The FSB reported on the detention of a resident of the Chelyabinsk region who allegedly planned to commit an act of terror in one of the administrative buildings in Chelyabinsk under the guidance from Ukrainian handlers.
Aleksey Arbuzenko, a resident of the Samara region who has been accused of vandalizing posters depicting Russian military personnel has been sentenced to six years in a general regime colony by the appellate court. The defendant threw stones and clods at the posters along with his son.
The SHOT Telegram channel reports on the detention of a 24-year-old resident of the Leningrad region in the Bryansk region. The publication claims that he planned to cross the border to "join the assault troops of the Armed Forces of Ukraine as part of the 'Freedom of Russia Legion." Initially, he was allegedly arrested for 11 days due to being caught with drugs. After being released from custody, he continued his journey to the border on foot, but was detained again.
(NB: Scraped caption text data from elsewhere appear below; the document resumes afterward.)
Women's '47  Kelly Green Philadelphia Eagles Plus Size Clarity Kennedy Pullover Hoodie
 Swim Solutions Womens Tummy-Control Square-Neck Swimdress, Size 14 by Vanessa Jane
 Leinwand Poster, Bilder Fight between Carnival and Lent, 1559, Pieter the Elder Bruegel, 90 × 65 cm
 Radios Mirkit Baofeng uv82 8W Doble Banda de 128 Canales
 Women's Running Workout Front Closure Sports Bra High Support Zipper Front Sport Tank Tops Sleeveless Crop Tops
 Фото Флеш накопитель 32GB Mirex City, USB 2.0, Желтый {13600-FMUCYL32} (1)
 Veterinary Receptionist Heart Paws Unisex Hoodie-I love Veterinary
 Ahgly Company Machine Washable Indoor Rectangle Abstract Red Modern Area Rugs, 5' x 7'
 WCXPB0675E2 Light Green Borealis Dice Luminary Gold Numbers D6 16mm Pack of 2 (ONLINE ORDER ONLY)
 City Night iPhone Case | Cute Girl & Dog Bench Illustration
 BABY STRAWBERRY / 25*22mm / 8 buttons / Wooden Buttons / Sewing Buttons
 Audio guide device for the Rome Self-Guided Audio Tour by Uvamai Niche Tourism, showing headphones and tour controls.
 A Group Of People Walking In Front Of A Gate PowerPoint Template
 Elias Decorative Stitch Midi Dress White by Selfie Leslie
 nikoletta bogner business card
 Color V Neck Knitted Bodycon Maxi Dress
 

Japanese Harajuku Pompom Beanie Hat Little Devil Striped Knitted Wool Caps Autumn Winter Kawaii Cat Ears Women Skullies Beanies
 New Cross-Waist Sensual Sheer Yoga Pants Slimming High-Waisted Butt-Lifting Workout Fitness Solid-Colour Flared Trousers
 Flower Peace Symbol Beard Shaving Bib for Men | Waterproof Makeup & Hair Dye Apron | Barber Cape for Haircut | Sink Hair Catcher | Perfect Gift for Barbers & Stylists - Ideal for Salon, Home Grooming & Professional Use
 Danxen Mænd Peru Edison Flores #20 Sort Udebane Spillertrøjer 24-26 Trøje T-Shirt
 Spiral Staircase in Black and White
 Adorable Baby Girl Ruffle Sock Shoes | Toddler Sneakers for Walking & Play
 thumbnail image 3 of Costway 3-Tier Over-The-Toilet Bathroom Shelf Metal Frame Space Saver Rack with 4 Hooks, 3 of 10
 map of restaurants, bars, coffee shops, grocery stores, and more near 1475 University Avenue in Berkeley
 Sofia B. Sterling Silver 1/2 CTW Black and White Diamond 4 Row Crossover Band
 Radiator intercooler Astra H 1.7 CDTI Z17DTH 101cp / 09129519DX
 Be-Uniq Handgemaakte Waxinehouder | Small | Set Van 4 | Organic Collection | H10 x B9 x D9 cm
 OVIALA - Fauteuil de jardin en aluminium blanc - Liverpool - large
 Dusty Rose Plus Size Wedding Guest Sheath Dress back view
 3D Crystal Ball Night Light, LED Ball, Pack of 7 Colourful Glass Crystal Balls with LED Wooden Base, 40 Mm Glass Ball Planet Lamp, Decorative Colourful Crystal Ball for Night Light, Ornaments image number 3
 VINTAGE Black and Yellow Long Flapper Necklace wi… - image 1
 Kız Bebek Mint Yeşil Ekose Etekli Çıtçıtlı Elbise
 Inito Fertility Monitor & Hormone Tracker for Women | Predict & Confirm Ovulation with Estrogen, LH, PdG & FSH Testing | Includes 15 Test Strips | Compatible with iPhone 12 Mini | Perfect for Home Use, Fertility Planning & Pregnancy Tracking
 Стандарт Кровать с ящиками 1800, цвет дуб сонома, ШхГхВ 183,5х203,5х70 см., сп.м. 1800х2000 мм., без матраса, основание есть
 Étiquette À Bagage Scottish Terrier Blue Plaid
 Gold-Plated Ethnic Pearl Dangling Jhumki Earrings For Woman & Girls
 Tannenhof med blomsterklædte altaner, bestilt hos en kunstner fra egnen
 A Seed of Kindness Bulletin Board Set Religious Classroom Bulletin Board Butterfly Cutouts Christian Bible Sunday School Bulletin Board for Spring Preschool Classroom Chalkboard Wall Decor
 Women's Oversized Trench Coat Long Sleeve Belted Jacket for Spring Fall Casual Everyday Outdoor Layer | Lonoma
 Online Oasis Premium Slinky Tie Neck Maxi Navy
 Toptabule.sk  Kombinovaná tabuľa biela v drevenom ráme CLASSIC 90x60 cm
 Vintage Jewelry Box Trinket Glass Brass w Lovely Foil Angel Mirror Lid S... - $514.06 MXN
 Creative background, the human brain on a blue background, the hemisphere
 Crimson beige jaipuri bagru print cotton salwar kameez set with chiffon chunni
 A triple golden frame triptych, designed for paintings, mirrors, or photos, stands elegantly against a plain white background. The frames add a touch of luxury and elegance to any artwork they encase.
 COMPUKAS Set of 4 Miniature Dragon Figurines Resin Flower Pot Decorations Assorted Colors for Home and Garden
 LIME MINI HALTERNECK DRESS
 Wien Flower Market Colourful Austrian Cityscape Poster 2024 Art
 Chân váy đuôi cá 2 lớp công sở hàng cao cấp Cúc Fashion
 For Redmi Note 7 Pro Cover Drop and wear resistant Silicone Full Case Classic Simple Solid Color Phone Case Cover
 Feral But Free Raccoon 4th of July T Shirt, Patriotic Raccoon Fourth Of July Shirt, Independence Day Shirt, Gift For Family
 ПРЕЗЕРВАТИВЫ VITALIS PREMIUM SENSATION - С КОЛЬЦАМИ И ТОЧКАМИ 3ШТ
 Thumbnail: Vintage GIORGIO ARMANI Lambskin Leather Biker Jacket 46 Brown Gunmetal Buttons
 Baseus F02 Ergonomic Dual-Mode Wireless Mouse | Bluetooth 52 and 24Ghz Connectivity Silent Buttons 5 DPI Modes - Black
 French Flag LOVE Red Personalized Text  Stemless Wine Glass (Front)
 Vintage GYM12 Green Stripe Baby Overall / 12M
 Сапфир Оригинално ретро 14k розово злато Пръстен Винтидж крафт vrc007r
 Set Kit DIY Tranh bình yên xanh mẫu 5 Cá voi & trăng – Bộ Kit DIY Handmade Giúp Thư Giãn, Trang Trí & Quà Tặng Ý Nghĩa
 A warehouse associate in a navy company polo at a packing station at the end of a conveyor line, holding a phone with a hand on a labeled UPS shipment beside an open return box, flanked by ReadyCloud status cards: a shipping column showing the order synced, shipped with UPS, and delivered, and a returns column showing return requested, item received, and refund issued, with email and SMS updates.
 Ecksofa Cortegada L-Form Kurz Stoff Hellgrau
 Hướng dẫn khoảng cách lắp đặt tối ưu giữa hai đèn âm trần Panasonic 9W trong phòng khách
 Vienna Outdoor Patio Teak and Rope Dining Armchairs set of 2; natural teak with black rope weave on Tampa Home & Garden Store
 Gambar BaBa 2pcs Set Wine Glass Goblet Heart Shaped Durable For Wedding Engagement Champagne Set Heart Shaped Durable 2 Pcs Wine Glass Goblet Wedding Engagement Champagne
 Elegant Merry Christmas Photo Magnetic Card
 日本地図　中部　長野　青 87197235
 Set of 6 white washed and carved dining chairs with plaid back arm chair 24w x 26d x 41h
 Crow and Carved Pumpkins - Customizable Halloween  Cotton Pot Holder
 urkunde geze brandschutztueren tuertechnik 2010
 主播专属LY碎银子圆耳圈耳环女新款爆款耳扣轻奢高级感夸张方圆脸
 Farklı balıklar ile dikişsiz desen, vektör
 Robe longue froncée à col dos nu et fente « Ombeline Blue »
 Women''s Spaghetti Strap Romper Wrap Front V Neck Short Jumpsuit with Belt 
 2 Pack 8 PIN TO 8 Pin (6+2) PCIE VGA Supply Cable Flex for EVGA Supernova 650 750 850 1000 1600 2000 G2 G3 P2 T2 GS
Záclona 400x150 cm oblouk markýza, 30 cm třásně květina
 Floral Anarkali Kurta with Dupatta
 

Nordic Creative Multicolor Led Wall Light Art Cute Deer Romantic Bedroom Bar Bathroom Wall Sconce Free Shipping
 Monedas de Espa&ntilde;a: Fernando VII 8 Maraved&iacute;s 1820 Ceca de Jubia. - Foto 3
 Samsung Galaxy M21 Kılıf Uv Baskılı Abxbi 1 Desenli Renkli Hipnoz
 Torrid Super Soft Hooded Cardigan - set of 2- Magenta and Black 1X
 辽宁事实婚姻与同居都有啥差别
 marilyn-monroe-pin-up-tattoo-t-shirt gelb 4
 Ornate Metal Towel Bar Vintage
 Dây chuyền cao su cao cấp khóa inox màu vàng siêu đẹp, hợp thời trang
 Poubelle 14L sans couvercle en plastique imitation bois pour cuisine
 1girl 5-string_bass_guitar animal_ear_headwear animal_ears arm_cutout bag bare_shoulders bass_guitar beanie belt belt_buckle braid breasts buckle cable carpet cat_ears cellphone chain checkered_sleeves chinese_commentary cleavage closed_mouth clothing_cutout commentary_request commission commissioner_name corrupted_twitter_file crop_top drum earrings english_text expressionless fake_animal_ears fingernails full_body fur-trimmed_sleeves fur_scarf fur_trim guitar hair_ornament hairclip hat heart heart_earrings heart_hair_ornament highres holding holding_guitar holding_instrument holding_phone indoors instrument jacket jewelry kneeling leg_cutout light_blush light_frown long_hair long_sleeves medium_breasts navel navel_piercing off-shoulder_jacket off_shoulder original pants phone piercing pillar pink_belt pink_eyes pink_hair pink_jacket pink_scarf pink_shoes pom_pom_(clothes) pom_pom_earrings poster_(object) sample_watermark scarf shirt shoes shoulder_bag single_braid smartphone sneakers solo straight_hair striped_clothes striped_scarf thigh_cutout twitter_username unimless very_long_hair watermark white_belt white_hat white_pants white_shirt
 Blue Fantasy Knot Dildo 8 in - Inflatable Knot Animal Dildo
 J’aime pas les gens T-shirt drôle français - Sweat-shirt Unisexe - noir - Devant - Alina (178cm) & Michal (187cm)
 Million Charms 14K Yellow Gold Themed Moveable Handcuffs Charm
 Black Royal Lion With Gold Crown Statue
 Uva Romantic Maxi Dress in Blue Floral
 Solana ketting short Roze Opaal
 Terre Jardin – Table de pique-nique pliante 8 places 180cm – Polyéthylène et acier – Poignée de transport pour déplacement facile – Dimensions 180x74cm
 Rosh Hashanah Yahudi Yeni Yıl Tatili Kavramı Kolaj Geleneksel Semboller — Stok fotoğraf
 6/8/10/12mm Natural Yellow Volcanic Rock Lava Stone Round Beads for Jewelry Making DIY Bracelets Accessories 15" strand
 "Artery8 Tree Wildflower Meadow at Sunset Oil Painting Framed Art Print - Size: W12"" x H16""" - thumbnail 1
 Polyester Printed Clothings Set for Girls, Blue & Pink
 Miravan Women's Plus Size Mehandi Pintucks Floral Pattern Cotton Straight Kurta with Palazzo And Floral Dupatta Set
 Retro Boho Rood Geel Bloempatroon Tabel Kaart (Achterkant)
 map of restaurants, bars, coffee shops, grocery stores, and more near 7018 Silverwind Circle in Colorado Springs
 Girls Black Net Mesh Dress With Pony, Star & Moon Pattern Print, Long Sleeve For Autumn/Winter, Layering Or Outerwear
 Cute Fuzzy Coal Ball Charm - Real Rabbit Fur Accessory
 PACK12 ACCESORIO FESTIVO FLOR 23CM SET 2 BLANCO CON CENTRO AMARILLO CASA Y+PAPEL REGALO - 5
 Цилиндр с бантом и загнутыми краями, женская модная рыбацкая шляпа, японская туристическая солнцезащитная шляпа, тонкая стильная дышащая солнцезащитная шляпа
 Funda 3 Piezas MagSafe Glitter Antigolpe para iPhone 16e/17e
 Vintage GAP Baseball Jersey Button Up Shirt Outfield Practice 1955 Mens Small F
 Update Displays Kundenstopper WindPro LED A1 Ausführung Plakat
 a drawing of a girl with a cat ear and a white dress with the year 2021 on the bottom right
Children with impairments from the Khanty-Mansi autonomous region–Yugra [Russia's federal subject] will be taught marching and talked about "patriotism." In Russia’s constituent Republic of Tatarstan, students collected aid for the Russian army after a visit of a war participant to their class.
The Mozhem Ob'yasnit Telegram channel noted that during the "Talking About Important Things" lessons for high school students, they will learn about "future professions" related to prosthetics manufacturing and drone development.
Belgorod region authorities published a post with a link to a bot named "Search for Bad People," launched by the FSB, encouraging citizens to report individuals with "anti-Russian sentiments." However, the post containing the bot link was later removed without explanation.
For over two months, the family of a military serviceman from the Kaluga region, who was killed in action, has been trying to retrieve his body. Meanwhile, a pregnant woman from the Khanty-Mansi autonomous region has been appealing to the authorities to locate her husband, missing in action for four months.
The 7x7 online media outlet published an extensive analysis of the Put Domoy [Way Home] Telegram channel, where relatives of soldiers fighting in Ukraine self-organize, demanding the demobilization of their loved ones.